Schoolwork is crazy too. I have to admit that I am rather proud in my secondary school because my grades were better than average. But I think, that's just a small part of the world. The people in aj are seriously much much smarter than I am. I was too naive to think that everything would be so simple. I flunked my chem. 4/15. I never failed chem before. And I cried in the chem test. Hopefully nobody noticed. And someone, to rub salt into my wounds, said "cao mei zu" (ie the current generation who can't endure failures) I want to die already and he still said that (but not on purpose I hope) And maths... I think I am going to fail to. This can't get any worse.
Questioning about life...
What is the main purpose of us being alive?
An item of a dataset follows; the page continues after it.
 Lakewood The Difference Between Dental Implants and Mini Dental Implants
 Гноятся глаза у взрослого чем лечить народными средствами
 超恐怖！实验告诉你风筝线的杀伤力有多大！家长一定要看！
To make as much money as we can?
So what?
There's no answer. So why should we even live?
There's no meaning in life.
So why should we study?
When we are going to die eventually?
Why did mankind break free from the primitive ways of life?
Although many things seemed to have improved, it has not been.
What is life?
Eat, sleep, drink, shit?
This is bad. I think I am suffering from mild depression because suicidals thoughts are floating in my mind and I always have the urge to cry whenever something bad happens, be it big or small. I am such a wimp. People will hate me for that and this is a vicious cycle. Nothing will ever be the same again.
Last words of the day: I am falling down a bottomless pit. I wasn't even crying as I was typing this. I am just numb and stressed out by schoolwork.